Nginx For Beginners
Performance
Connection Handling
In this guide, we’ll explore Nginx connection handling, from master–worker processes to keep-alive tuning, HTTP evolution, and TCP optimizations. By the end, you’ll know how to fine-tune your Nginx server for high concurrency and low latency.
Nginx Master and Worker Processes
Nginx follows a master–worker architecture:
- The master process reads configuration files, manages worker lifecycles, and monitors for reloads.
- Each worker process runs an event loop, independently handling client connections and events.
By default, Nginx detects CPU cores and spawns one worker per core. On a 4-core machine, you get 4 workers handling connections in parallel.
Configuring Workers
Place the following in your nginx.conf:
worker_processes auto;
events {
worker_connections 512;
}
worker_processes auto;
auto-detects CPU cores.worker_connections 512;
sets max concurrent connections per worker (default: 512).
Warning
Setting worker_connections
too high may exhaust file descriptors. Monitor with ulimit -n
and adjust your OS limits accordingly.
On a 4-core VM:
- Workers: 4
- Connections: 4 × 512 = 2048
To support more clients, simply increase worker_connections
:
events {
worker_connections 1024;
}
Keep-Alive Connections
Persistent (keep-alive) connections reuse a single TCP socket for multiple HTTP requests, reducing handshake overhead:
Add these directives in the http
block:
http {
# Max requests per keep-alive connection
keepalive_requests 100;
# Idle timeout (seconds) for keep-alive
keepalive_timeout 65;
}
Upstream Keep-Alive
If Nginx proxies to backend servers, maintain idle connections upstream:
http {
upstream backend {
server 10.10.0.101:80;
server 10.10.0.102:80;
server 10.10.0.103:80;
keepalive 32;
}
}
Then, in your server
block:
server {
listen 80;
location / {
proxy_http_version 1.1;
proxy_set_header Connection "";
proxy_pass http://backend;
}
}
proxy_http_version 1.1;
ensures HTTP/1.1 persistent connections.proxy_set_header Connection "";
avoids sendingConnection: close
.
You can verify HTTP version with:
curl --head https://www.google.com
Note
Persistent upstream connections can significantly reduce backend latency. Always test under load!
Evolution of HTTP
HTTP has evolved to improve performance, security, and flexibility.

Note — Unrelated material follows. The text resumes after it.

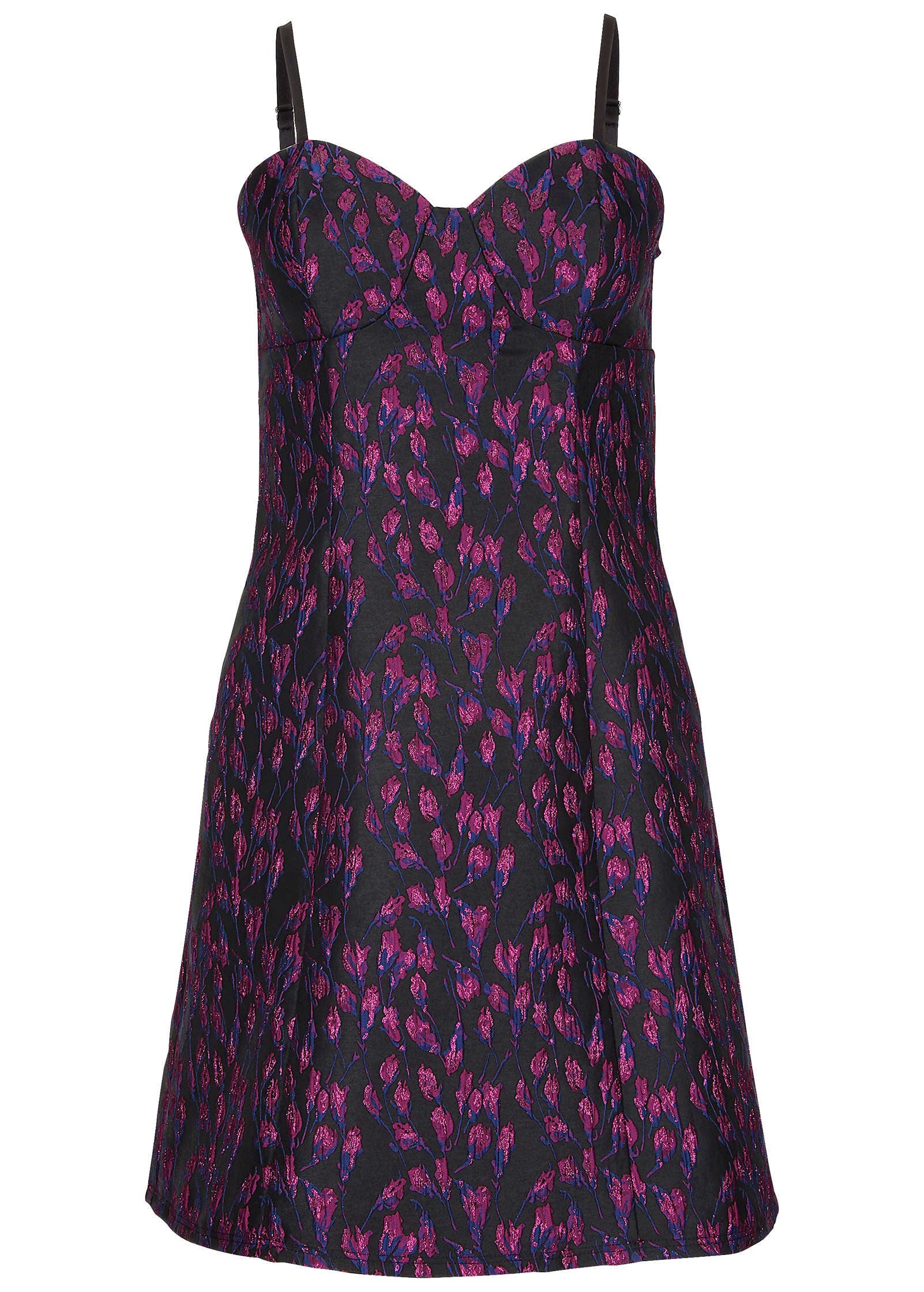 Jacquard A-Line Mini Dress - Blue Multi - Image 5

HTTP Version | Key Features | Release |
---|---|---|
HTTP/0.9 | Simple GET, no headers or status codes | 1991 |
HTTP/1.0 | Added status codes (200, 404), GET/POST methods | 1996 |
HTTP/1.1 | Persistent connections, chunked transfer, caching, cookies, compression, pipelining | 1997 |
HTTP/2 | Multiplexing, header compression (HPACK), binary framing | 2015 |
HTTP/3 | QUIC over UDP, 0-RTT, built-in TLS 1.3, connection migration | 2020 |
- HTTP/2: Multiplex streams over one TCP connection; header compression.

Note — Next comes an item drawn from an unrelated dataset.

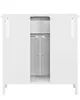 The back view of a white bathroom vanity cabinet with two doors. Voir les images du produit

- HTTP/3: Runs on QUIC/UDP, reduces latency, supports connection migration.
TCP vs. UDP
Protocol | Reliability | Use Cases | Transport Model |
---|---|---|---|
TCP | Ordered, error-checked | Web, email, file transfer | Connection-oriented |
UDP | Unordered, best-effort | Gaming, streaming, VoIP | Connectionless |
Currently, ~34.6% of sites use HTTP/2, 34.0% HTTP/3, and 31.4% still run HTTP/1.1.
Optimizing File Transfers with sendfile
Default file transfers read data into user space, then write to the network. This double-buffering adds CPU and memory overhead.
Enable zero-copy to let the kernel send file data directly from disk to socket:
http {
sendfile on;
}
This improves throughput and reduces CPU cycles.
Note
On some platforms (e.g., older BSD variants), sendfile
may behave differently. Test before deploying to production.
Reducing TCP Overhead with tcp_nopush
Small TCP packets increase protocol overhead. tcp_nopush
delays sending until a full packet is ready:
http {
tcp_nopush on;
}
This directive groups headers and file chunks into larger packets, cutting network congestion.
By tuning these core options—master/worker processes, keep-alive, sendfile, and TCP flags—you’ll boost Nginx performance and resource efficiency.